Publicado em 1973, o romance retrata a época em que ser humano e tecnologia se unem partindo de um ponto de vista diferente, causando um misto de choque e estranhamento no leitor mesmo quase quarenta anos depois de sua primeira edição. Aqui, a tecnologia é a ferramenta que conduz as pessoas aos seus únicos momentos de liberdade e real sentimento de vida, mais precisamente, os carros e acidentes por eles causados. A sexualidade é violenta e aparece em um texto sem nenhum tipo de pudor, tornando o livro praticamente um romance pornográfico.
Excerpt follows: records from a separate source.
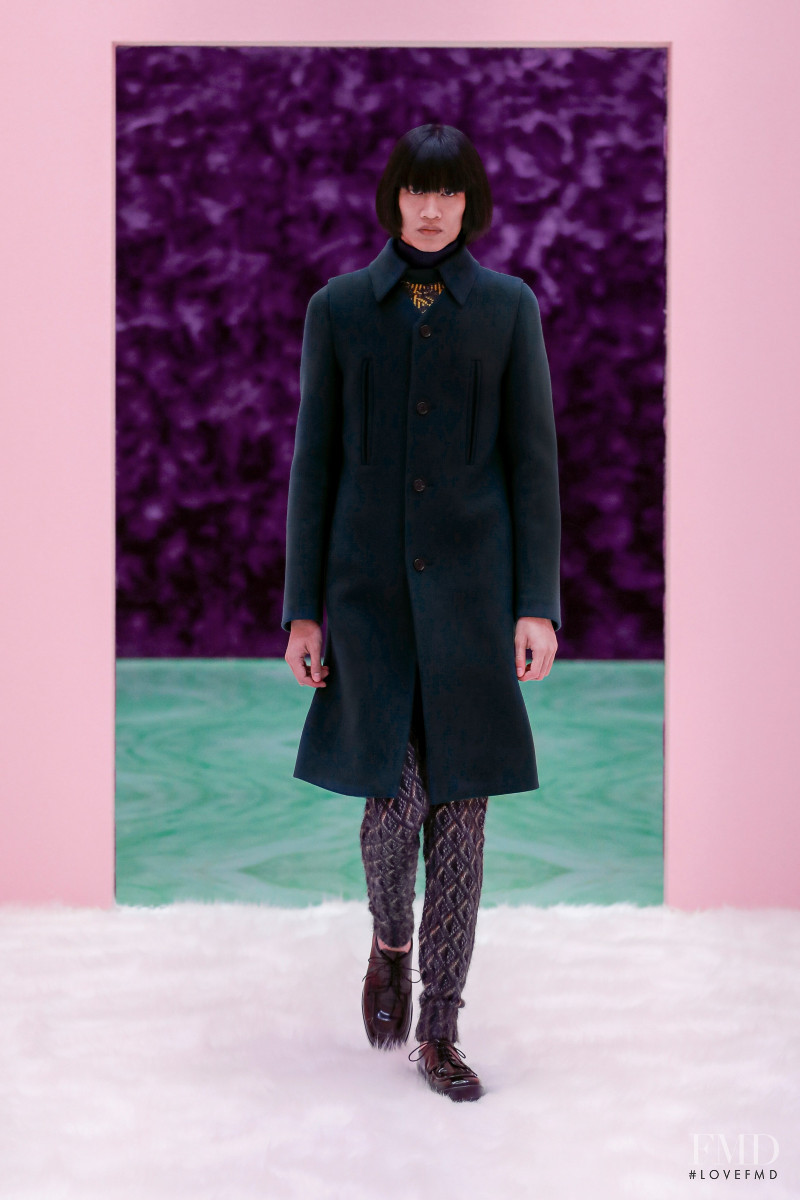 Prada fashion show for Autumn/Winter 2021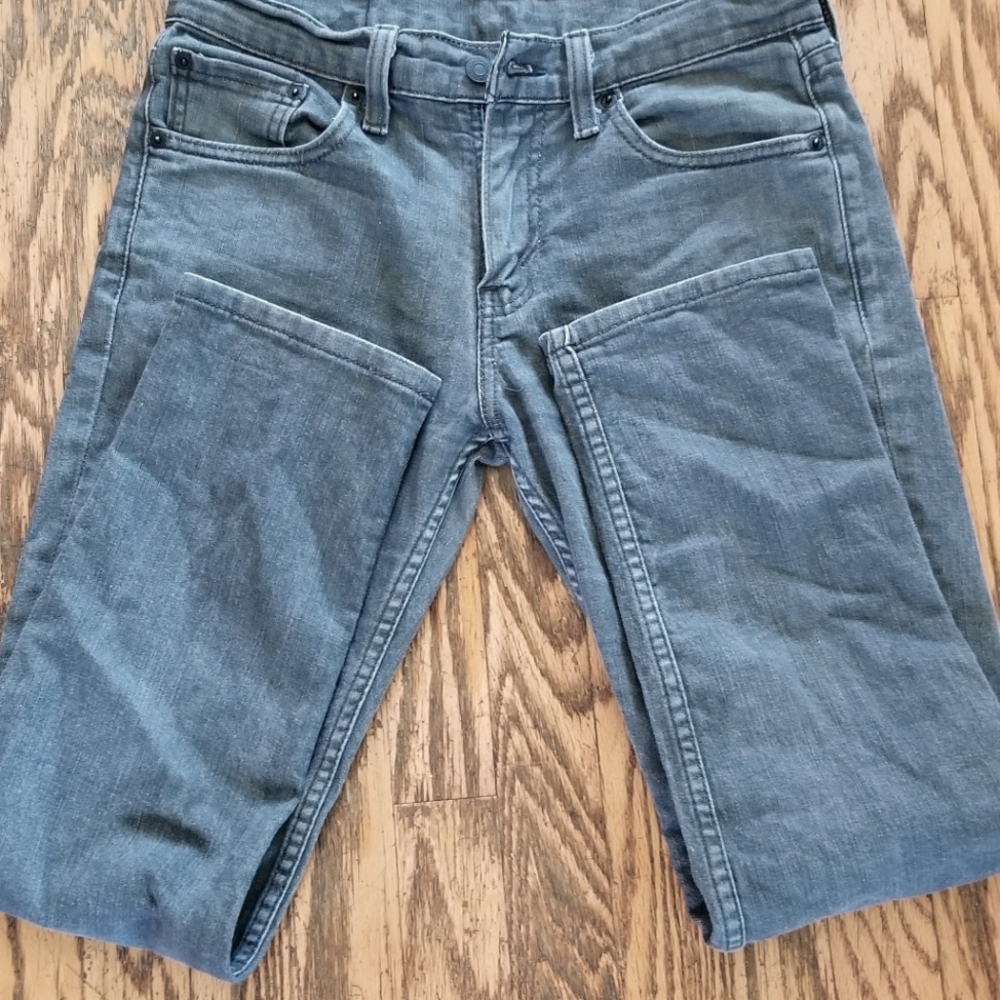 Levi's 511 Slate Gray Jeans
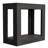 Allysyn 23.6" Contemporary Square End Table-898583871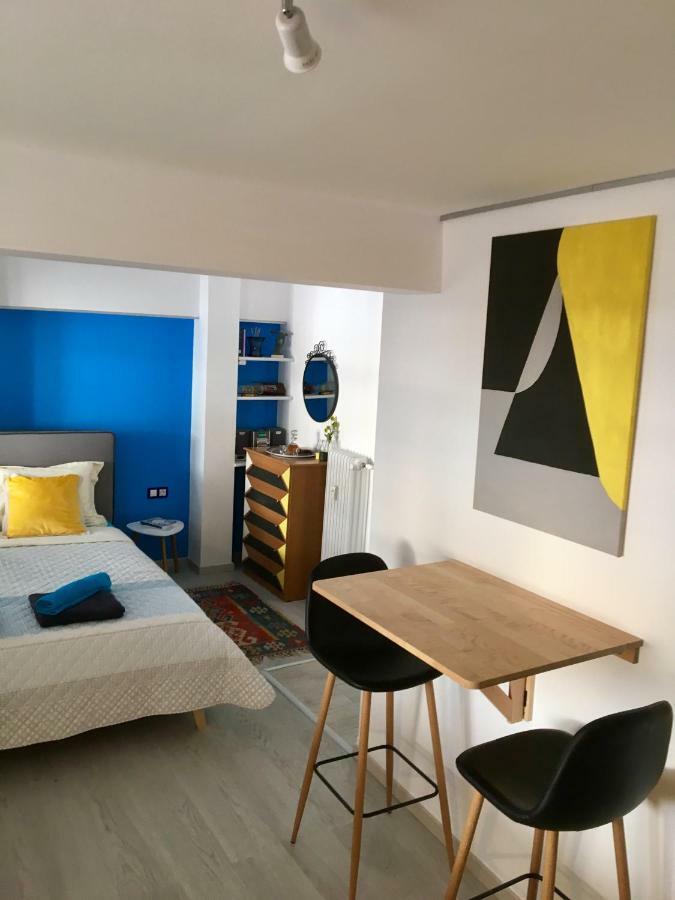 Athens *Blue Grand Suite *Di Giorgio Central Apartment מראה חיצוני תמונה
O acidente de carro é uma união de estranhos que tem em si a sexualidade ao, por exemplo, promover a mistura sangue de uma pessoa com a outra, no mais, ele tem a adrenalina da velocidade, derrapagem e, por fim, ao se sentir a morte, percebe-se que se está vivo. As cicatrizes são as marcas que exibem para sempre a precisão daquele momento em que morte e vida correram ao mesmo tempo dentro de um corpo. Ao receberem essas marcas, as pessoas envolvidas em um acidente jamais se esquecerão daquele momento. Ballard trabalha um romance sobre sexo e automóveis, mas, mais do que isso, a psicose e os desejos mais íntimos do ser humano são um foco importante. A falta de pudor e moral do autor torna as personagens assustadoramente reais.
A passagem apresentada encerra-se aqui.